(Short text fragments from websites)
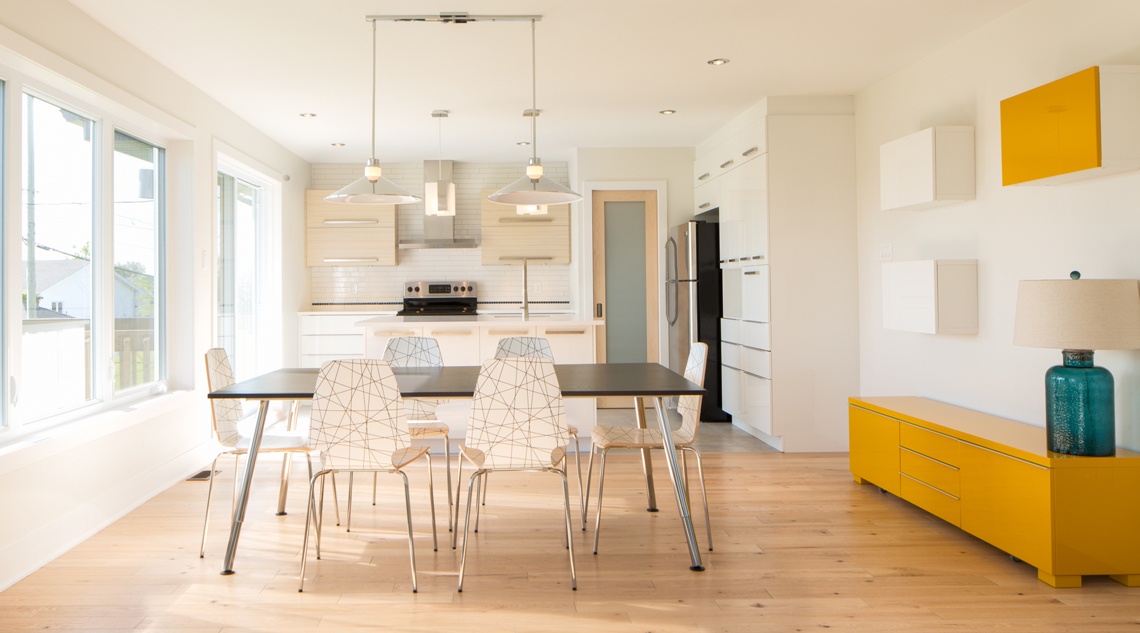 L'HONNEUR EST AUX MATIÈRES NATURELLES!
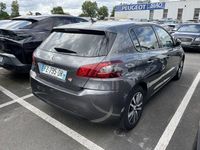 Occasion Peugeot 308 Style 110 ch (80 kW) 2021 Berline
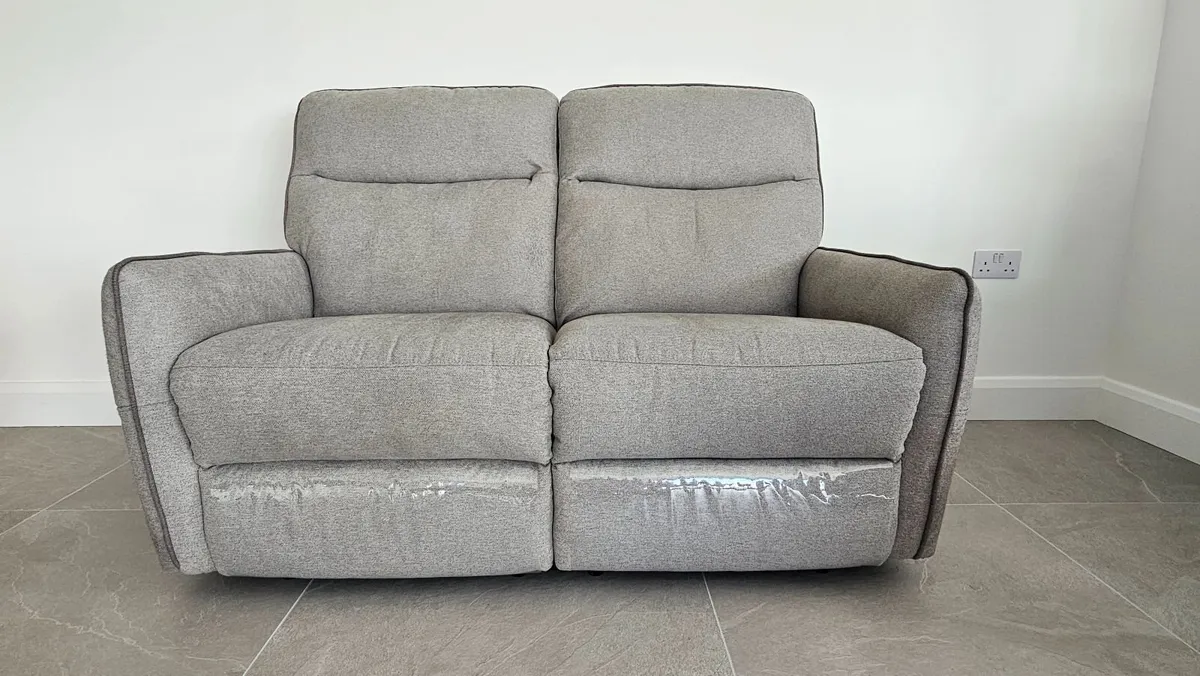 2 Seater Sofa - Image 4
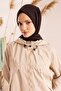 شال نسائي من القطن الممشط لا يريد الكي - 3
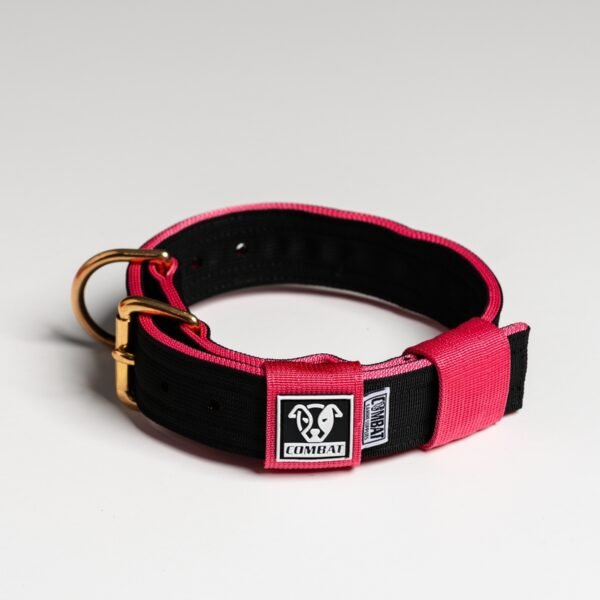 Black + Pink - Image 3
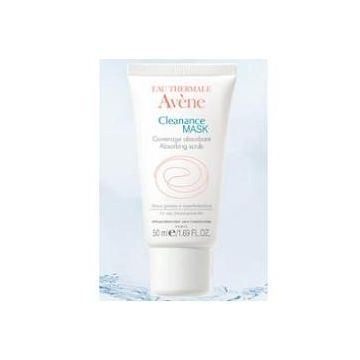 Cleanance mask 50ml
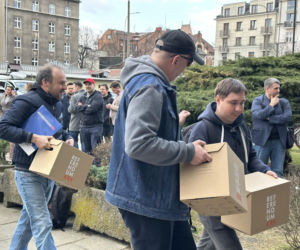 Jest oficjalny wniosek o odwołanie prezydenta Krakowa. Inicjatywę poparło ponad 130 tysięcy osób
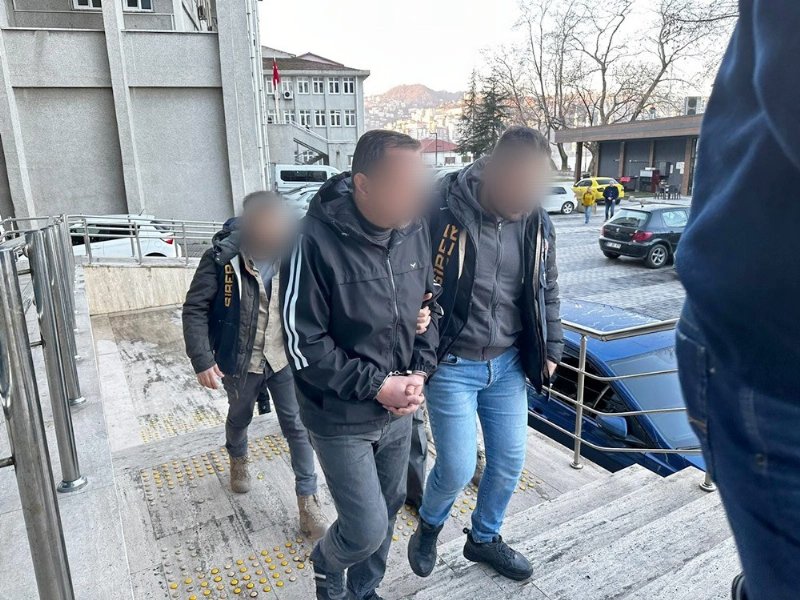 “Müstehcenlik Suçu” operasyonu! - 2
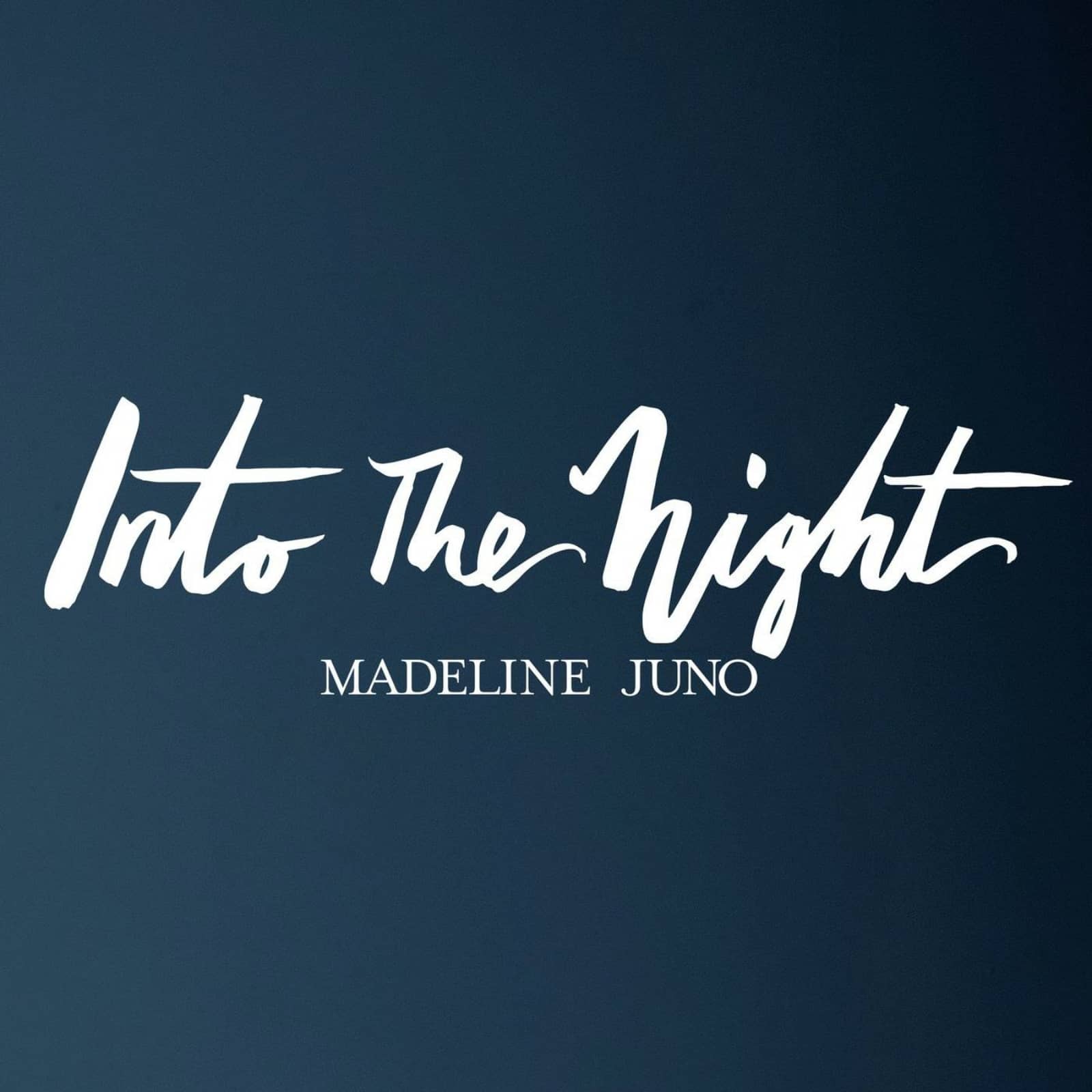 Madeline Juno — Into The Night (Sway Gray Remix)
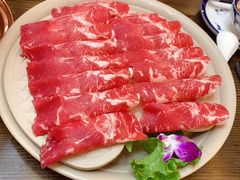 -蘭番坊青海特色铜锅涮·清真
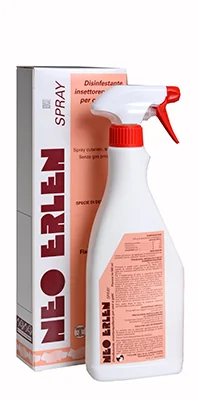 NEO ERLEN SPRAY 500ML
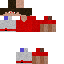 Texture for steve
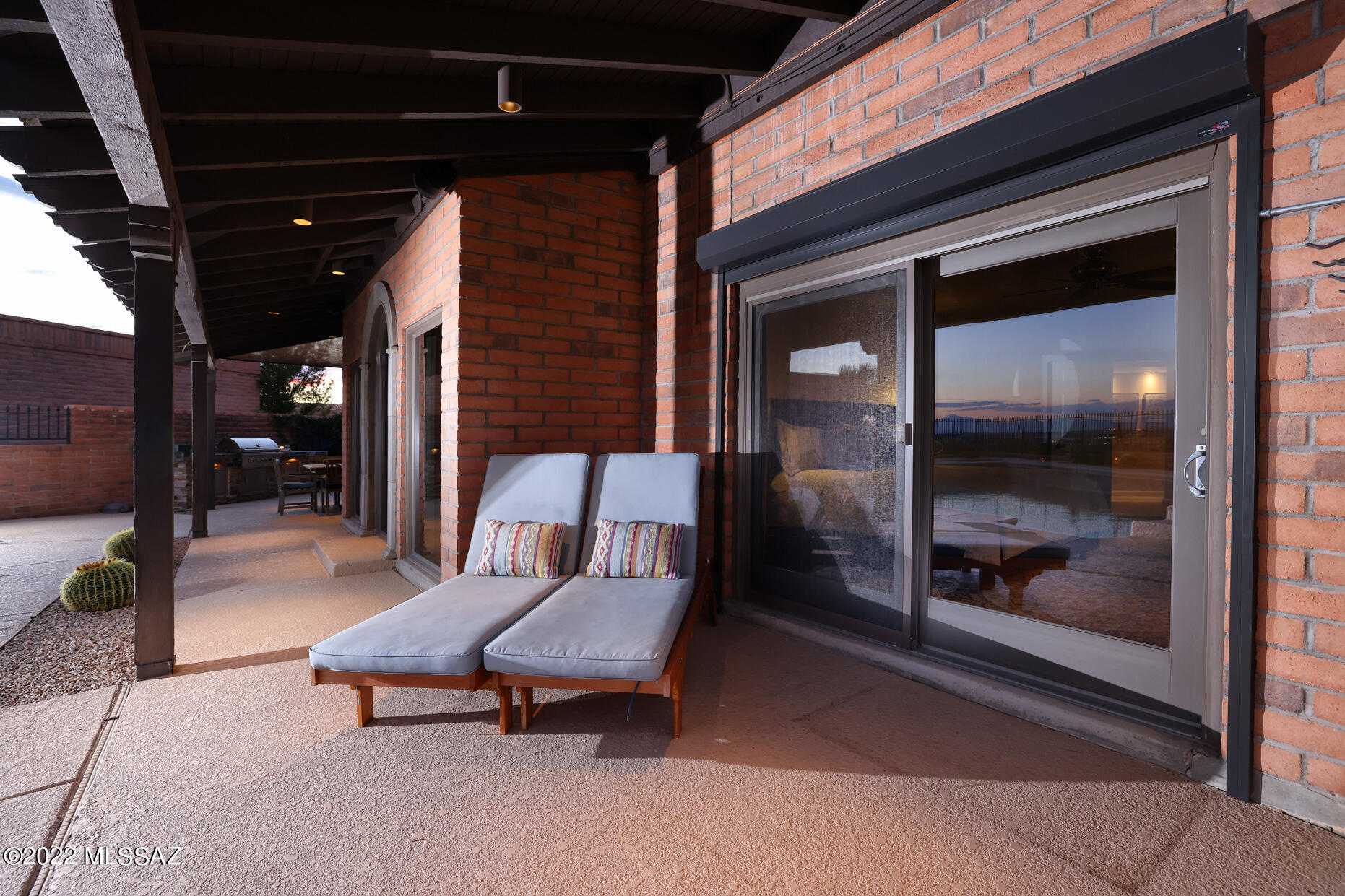 Fairfield Sunrise East (1-520) - Residential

→ **Exercise instructions**: Although pictures appear among the records above, write out exactly only the lines from the one that has "2 Seater Sofa - Image 4" through the one that has "NEO ERLEN SPRAY 500ML", and leave the pictures out.

→ **Output below**:
 2 Seater Sofa - Image 4
 شال نسائي من القطن الممشط لا يريد الكي - 3
 Black + Pink - Image 3
 Cleanance mask 50ml
 Jest oficjalny wniosek o odwołanie prezydenta Krakowa. Inicjatywę poparło ponad 130 tysięcy osób
 “Müstehcenlik Suçu” operasyonu! - 2
 Madeline Juno — Into The Night (Sway Gray Remix)
 -蘭番坊青海特色铜锅涮·清真
 NEO ERLEN SPRAY 500ML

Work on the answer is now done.